Ovidian speakers are derisive in tone and often appropriate the official metaphors, myths, and mottos of the ruling culture (the
idealized imperialism of the Roman Empire under Augustine) to present activities and defend attitudes that are in one way or
another antithetical or subversive of those official Roman values and ethics.  Donne writes elegies both on the model of the
paradox (argumentative, witty, non-dramatic pieces that hold forth derisively on a particular idea or concept) and on the model
of Ovid (narratives or addresses that pretend to be autobiographical accounts, dramatic in structure, involving a narrative and a
plot, and directly or indirectly undermining Elizabethan politics and state religion).  Note: Throughout the above paragraph, I am
indebted to a Study Guide on Donne's Elegies written by Professor M. Thomas Hester of North Carolina State University.
 

"To His Mistress Going to Bed"  -- This poem is clearly an elegy of the Ovidian, dramatic variety
1.  Make a list of the various metaphors, analogies and similes used by the speaker to describe his mistress and/or his feelings
toward her and/or his relationship to her and/or what he wants her to do.  What effect does each comparison have
individually?  How do they work together as a group?  Do they develop during the course of the poem?  How do the political
images interact with the religious ones?
2.  Explain the pun in the poem's final lines; how does it affect the overall tone and effect of the poem?
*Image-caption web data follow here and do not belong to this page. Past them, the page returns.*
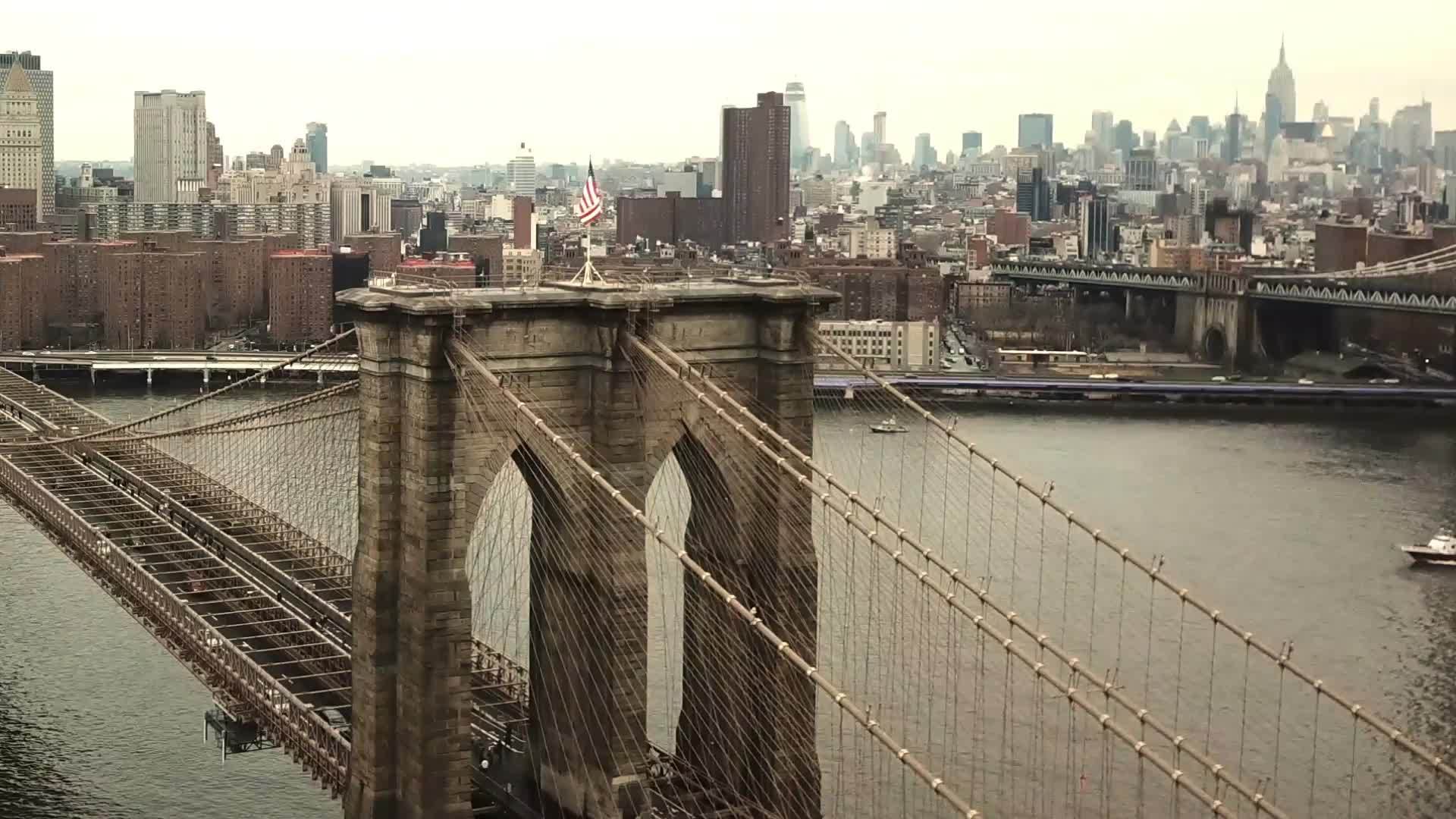 aerial flying over American flag on Brooklyn Bridge straight ahead toward Manhattan buildings on East River in 1080 HD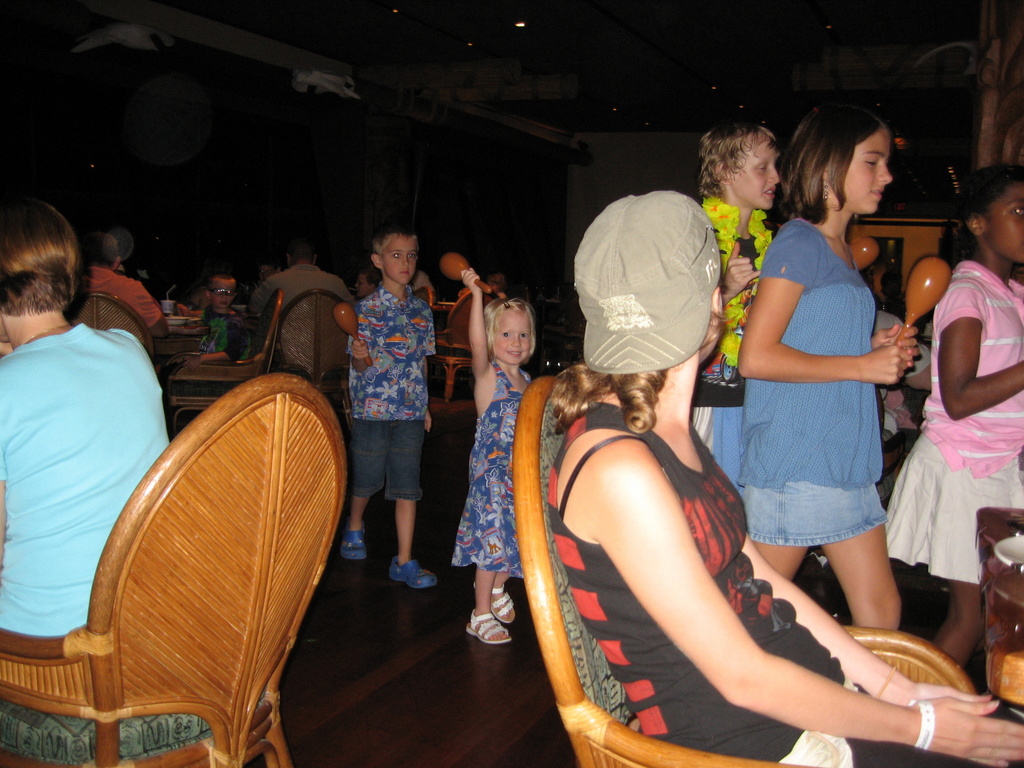 Doing the parade and limbo at Ohana's dinner at the Polynesian Resort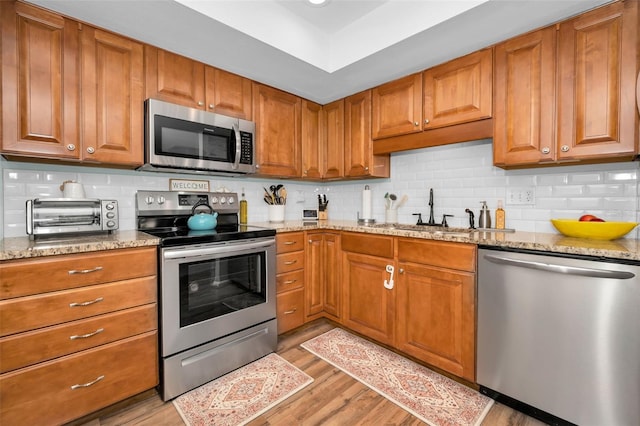 kitchen featuring sink, decorative backsplash, light stone countertops, light hardwood / wood-style floors, and stainless steel appliances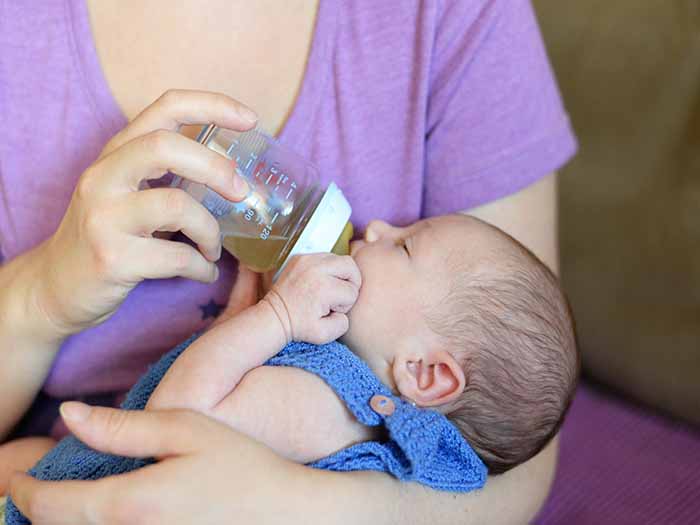 A woman feeding her baby with bottle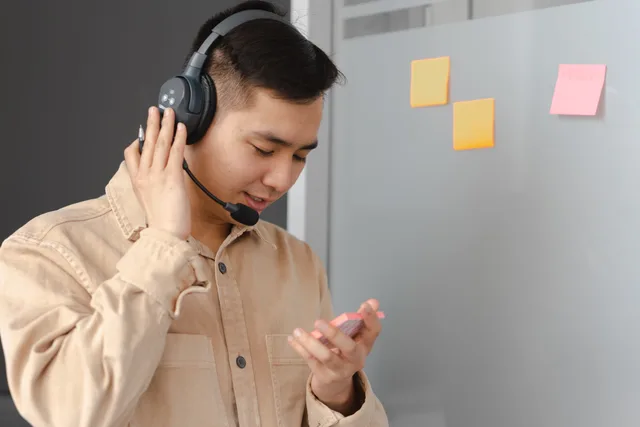 Asian man wearing headset, consulting with clients, holding notes in front of sticky notes. Lebenszyklus-Kommunikation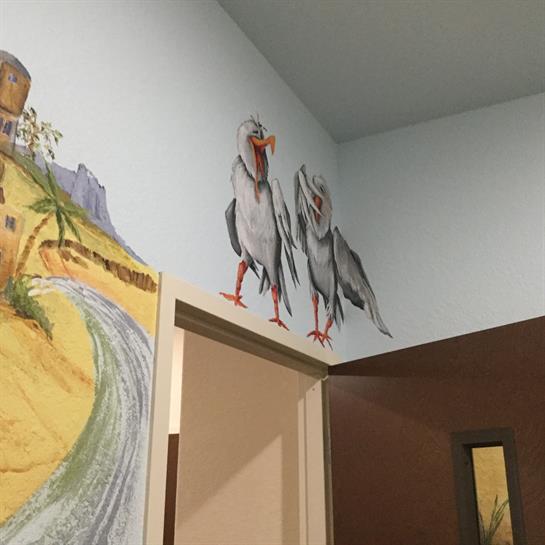 A colorful mural of two birds brightens the entrance wall, enhancing the room's ambiance.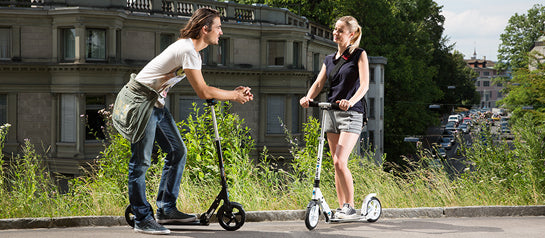 Friends scooting the school run together on Micro Scooters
3.  Like "The Extasy," this Elegy might be cited as an example of Anti-Platonism, as it stresses the importance of the body and of physical expression of love. The speaker of this poem emphasizes physical sexuality; but he uses the language of Neo-Platonism to make his point! Explain how he does so.
4.  Watch for the puns, many of which allude to the speaker's erection.